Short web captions
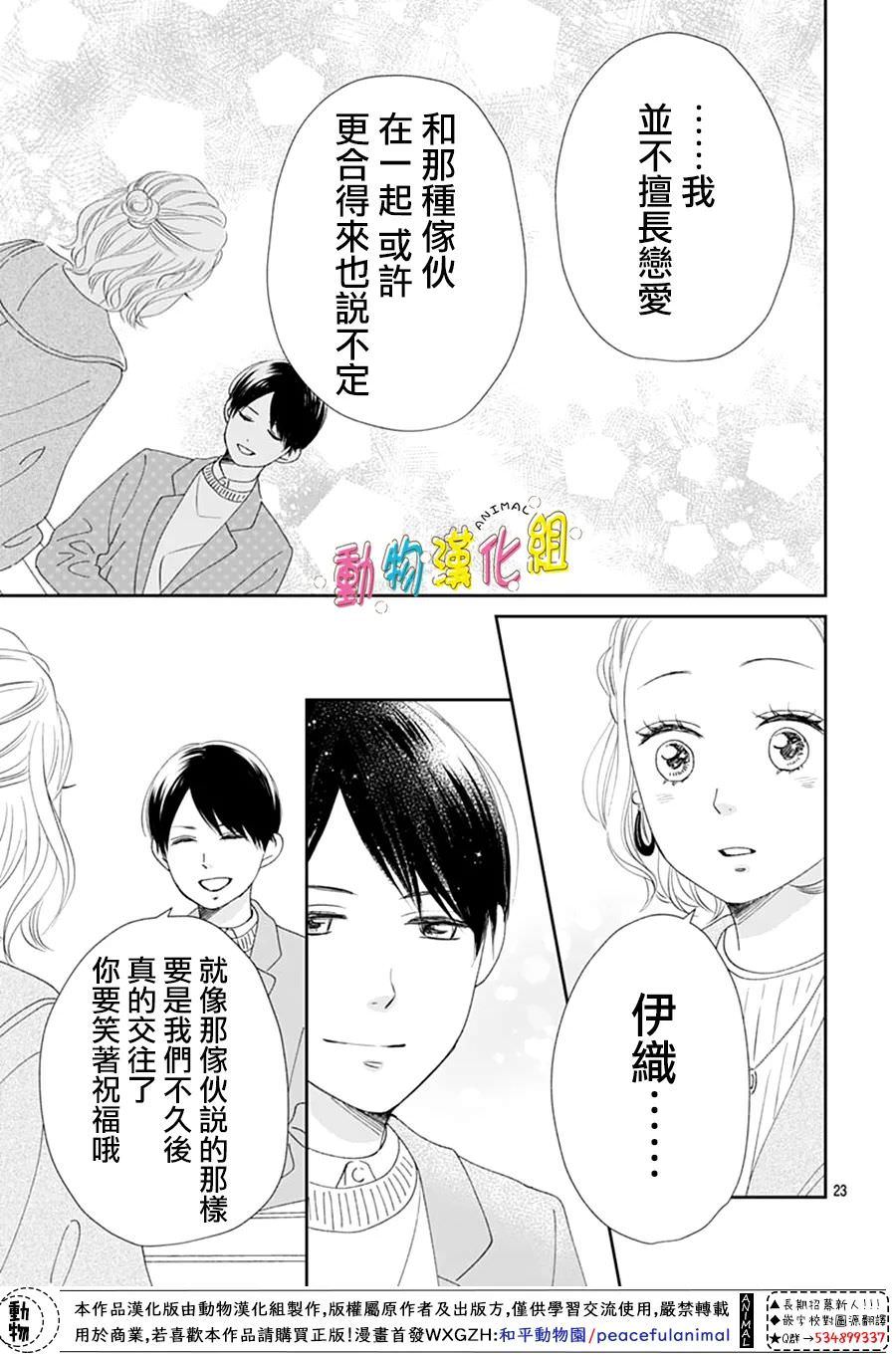 長大後的青梅竹馬: 30話 - 第26页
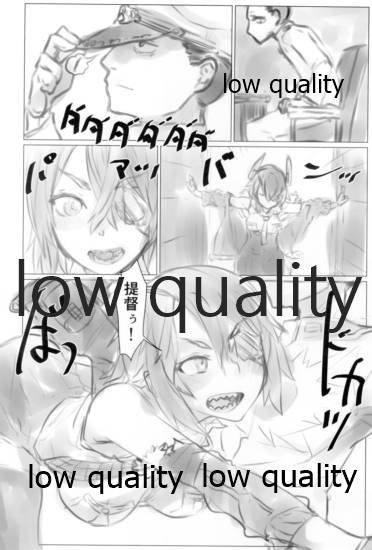 (AC2) [賽響組 (助谷クロウ)] ワレリモートヨリ帰還セリ (艦隊これくしょん -艦これ-)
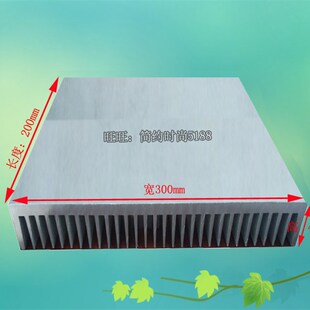 功放散热器散热片 铝型材散热器宽300高40长100mm 长度可任意定制
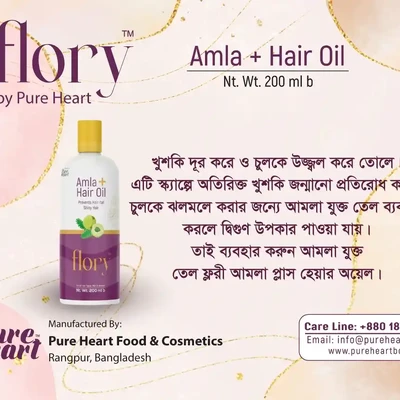 Amla + Hair Oil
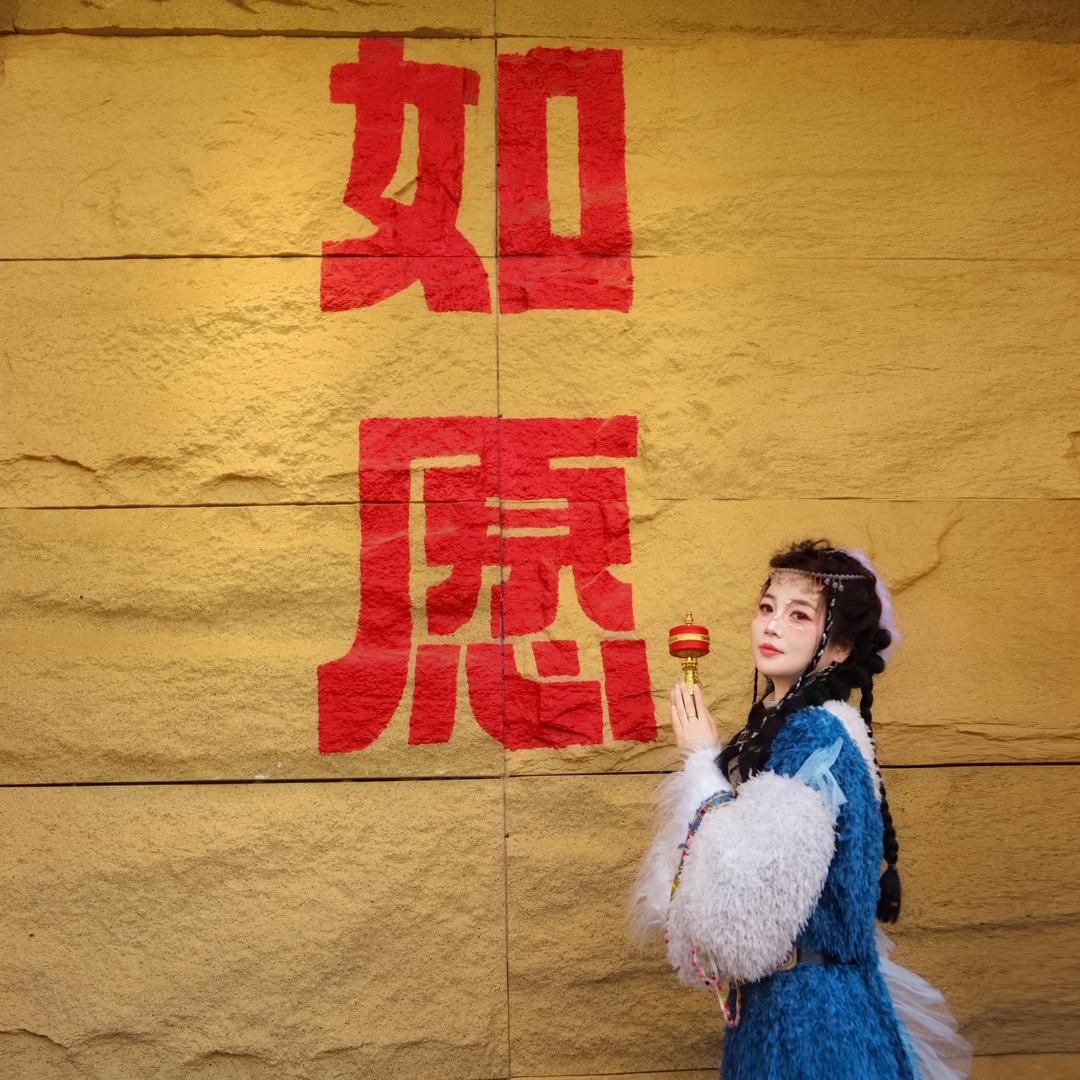 莉莉～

Problem:
No picture should be included when the data are set down again exactly.

Task result:
 長大後的青梅竹馬: 30話 - 第26页
 (AC2) [賽響組 (助谷クロウ)] ワレリモートヨリ帰還セリ (艦隊これくしょん -艦これ-)
 功放散热器散热片 铝型材散热器宽300高40长100mm 长度可任意定制
 Amla + Hair Oil
 莉莉～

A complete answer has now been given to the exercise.